Ginebra.- La Agencia de las Naciones Unidas para los Refugiados (ACNUR) pidió hoy a Grecia que traslade a los miles de solicitantes de asilo que actualmente viven hacinados en centros de recepción en las islas del Egeo, después de que una mujer falleciera en un incendio en el campo de refugiados de Moria, en Lesbos.

La situación en esa isla y otras de la zona, como Samos y Kos, es «crítica», señaló hoy en una rueda de prensa la portavoz de ACNUR, Liz Throssell, quien recordó que Moria acoge a 12.600 solicitantes de asilo, cinco veces más de su capacidad.
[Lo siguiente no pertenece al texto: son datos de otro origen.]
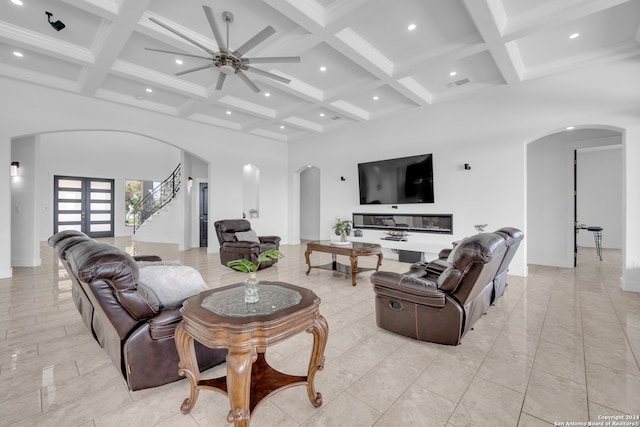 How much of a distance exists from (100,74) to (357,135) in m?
5.38

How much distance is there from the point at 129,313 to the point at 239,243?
3.76 meters

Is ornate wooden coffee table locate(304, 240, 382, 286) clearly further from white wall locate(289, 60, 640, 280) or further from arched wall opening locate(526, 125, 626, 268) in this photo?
arched wall opening locate(526, 125, 626, 268)

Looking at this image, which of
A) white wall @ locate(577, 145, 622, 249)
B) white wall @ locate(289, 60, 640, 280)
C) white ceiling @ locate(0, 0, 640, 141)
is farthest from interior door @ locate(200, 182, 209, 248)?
white wall @ locate(577, 145, 622, 249)

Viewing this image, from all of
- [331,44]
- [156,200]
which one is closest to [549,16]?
[331,44]

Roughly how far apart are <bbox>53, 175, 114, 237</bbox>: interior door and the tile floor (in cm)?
883

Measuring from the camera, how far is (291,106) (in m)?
6.34

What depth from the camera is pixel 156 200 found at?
11023 millimetres

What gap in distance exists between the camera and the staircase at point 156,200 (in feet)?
32.0

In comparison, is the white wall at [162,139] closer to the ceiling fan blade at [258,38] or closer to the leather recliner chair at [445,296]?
the ceiling fan blade at [258,38]

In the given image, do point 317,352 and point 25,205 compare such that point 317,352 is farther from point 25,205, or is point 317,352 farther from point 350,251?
point 25,205

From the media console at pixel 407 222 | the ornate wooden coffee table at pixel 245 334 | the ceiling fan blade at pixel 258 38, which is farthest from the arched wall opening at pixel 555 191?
the ornate wooden coffee table at pixel 245 334

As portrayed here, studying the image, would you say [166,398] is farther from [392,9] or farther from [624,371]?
[392,9]

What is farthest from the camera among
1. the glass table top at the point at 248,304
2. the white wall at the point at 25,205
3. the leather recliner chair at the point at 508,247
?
the white wall at the point at 25,205

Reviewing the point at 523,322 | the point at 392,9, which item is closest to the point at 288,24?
the point at 392,9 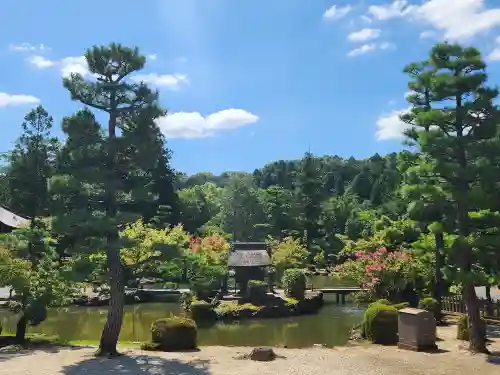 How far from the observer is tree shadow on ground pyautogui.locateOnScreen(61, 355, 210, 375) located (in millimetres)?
12359

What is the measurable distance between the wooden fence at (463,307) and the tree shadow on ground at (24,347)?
15.4 meters

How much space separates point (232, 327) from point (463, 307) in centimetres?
1032

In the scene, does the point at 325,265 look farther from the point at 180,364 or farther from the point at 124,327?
the point at 180,364

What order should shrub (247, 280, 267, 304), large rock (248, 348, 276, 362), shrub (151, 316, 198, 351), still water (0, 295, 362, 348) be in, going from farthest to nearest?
shrub (247, 280, 267, 304), still water (0, 295, 362, 348), shrub (151, 316, 198, 351), large rock (248, 348, 276, 362)

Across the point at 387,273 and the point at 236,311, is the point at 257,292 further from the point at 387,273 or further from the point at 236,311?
the point at 387,273

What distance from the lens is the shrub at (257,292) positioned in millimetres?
27141

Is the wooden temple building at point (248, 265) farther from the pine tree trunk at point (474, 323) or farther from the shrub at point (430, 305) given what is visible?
the pine tree trunk at point (474, 323)

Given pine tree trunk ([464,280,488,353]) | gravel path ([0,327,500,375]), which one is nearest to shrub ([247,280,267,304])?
gravel path ([0,327,500,375])

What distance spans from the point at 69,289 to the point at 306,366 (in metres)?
8.86

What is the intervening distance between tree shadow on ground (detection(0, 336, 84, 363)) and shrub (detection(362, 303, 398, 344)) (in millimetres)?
9723

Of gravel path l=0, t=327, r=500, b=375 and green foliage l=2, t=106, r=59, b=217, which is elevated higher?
green foliage l=2, t=106, r=59, b=217

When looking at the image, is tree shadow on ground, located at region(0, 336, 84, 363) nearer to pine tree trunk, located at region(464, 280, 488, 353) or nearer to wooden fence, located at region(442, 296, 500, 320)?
pine tree trunk, located at region(464, 280, 488, 353)

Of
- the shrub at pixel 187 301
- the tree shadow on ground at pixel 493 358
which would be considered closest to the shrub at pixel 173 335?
the tree shadow on ground at pixel 493 358

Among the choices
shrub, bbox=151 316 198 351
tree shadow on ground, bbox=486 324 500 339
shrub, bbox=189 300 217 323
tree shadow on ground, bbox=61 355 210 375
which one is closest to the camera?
tree shadow on ground, bbox=61 355 210 375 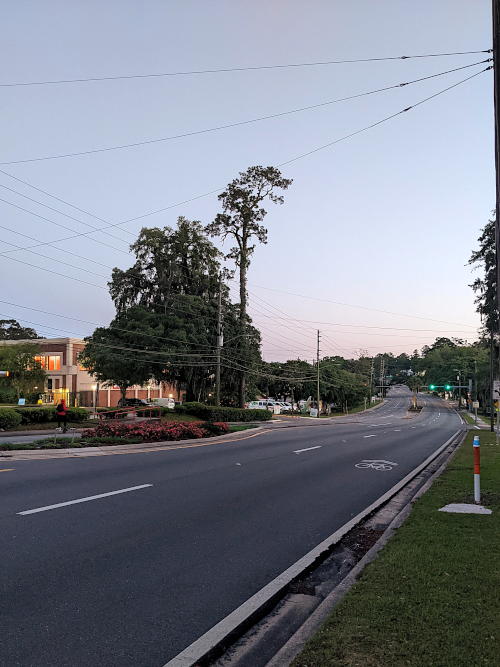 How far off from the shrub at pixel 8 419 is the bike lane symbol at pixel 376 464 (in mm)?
19236

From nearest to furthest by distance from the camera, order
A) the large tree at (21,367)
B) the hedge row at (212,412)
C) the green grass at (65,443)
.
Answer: the green grass at (65,443)
the hedge row at (212,412)
the large tree at (21,367)

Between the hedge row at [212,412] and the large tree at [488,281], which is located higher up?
the large tree at [488,281]

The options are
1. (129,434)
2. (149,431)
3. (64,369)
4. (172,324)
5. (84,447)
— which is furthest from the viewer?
(64,369)

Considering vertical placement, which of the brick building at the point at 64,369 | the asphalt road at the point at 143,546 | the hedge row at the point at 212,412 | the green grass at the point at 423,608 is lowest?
the hedge row at the point at 212,412

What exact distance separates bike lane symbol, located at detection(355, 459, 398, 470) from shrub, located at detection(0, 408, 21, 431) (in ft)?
63.1

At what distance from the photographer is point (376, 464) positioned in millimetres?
15445

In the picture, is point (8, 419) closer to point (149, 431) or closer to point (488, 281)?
point (149, 431)

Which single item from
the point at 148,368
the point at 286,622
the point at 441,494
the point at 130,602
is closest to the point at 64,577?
the point at 130,602

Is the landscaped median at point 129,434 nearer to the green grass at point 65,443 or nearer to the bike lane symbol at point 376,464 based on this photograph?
the green grass at point 65,443

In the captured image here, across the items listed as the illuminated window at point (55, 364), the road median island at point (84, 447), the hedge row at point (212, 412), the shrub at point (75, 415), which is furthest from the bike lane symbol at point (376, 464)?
the illuminated window at point (55, 364)

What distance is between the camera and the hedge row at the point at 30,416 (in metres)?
26.6

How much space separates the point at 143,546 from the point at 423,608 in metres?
3.43

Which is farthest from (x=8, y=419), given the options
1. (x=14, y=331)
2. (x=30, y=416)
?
(x=14, y=331)

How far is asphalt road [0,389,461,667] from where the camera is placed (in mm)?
4086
Las islas del Egeo acogen a más de 30.000 migrantes y refugiados, de los que más de 10.000 llegaron sólo en el pasado mes de septiembre, muchos de ellos procedentes de Siria pero también con una importante parte de familias afganas que migraron a Irán y han salido de ese país por la actual crisis económica y las sanciones.
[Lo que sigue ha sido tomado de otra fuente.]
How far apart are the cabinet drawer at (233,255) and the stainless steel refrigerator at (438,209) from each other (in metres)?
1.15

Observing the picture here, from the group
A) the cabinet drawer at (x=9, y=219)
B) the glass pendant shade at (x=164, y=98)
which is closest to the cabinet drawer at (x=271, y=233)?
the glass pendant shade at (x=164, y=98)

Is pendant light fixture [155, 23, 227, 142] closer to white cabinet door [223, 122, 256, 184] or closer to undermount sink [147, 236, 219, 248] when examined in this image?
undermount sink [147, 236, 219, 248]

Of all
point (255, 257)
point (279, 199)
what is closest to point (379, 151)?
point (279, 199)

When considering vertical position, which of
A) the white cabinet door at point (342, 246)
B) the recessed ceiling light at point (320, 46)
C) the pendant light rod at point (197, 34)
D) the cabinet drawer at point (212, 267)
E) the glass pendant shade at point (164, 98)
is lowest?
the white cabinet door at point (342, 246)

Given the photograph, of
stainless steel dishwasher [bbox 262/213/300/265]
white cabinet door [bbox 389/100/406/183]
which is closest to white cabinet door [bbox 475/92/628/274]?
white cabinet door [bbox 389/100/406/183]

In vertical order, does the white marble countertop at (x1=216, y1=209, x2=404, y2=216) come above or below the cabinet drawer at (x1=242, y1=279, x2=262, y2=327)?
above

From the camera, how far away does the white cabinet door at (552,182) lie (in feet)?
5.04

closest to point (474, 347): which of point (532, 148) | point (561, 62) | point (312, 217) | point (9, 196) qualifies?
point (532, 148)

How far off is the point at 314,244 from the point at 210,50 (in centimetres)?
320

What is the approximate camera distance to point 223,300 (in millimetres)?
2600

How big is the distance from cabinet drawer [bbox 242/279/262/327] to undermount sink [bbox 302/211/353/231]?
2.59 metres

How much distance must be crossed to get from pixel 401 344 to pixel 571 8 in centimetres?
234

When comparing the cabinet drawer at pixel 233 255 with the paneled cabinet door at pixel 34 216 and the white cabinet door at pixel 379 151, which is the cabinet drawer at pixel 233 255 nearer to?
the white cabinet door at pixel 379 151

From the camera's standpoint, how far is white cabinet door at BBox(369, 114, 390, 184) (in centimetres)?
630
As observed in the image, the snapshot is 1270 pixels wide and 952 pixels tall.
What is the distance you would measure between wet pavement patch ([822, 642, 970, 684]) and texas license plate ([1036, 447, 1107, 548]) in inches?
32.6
Centros de acogida como el de Vathy, en la isla de Samos, alojan a 5.500 personas, ocho veces su capacidad, y muchas de ellas duermen en tiendas de campaña con difícil acceso a baños, agua potable o atención médica, añadió Throssell.

«Mantener en las islas a la gente en condiciones tan inadecuadas e inseguras es inhumano y debe terminar», subrayó la portavoz de la agencia de Naciones Unidas.

ACNUR pide en concreto que las autoridades helenas aceleren sus planes para transferir a 5.000 de los solicitantes de asilo a la parte continental del país para continuar allí sus trámites, en centros aún no saturados por las llegadas.

El llamamiento de la organización llega un día después de que el Gobierno griego anunciara medidas para reducir la presión migratoria del país que incluyen aumentar las devoluciones de migrantes a Turquía desde las islas del Egeo hasta las 10.000 personas para el año 2020.

Para ello, el Gobierno anunció que endurecerá los controles fronterizos, aumentará las patrullas marítimas y establecerá centros cerrados pre-salida para aquéllos que han entrado en Grecia ilegalmente y no tienen derecho a asilo o cuya solicitud sea rechazada.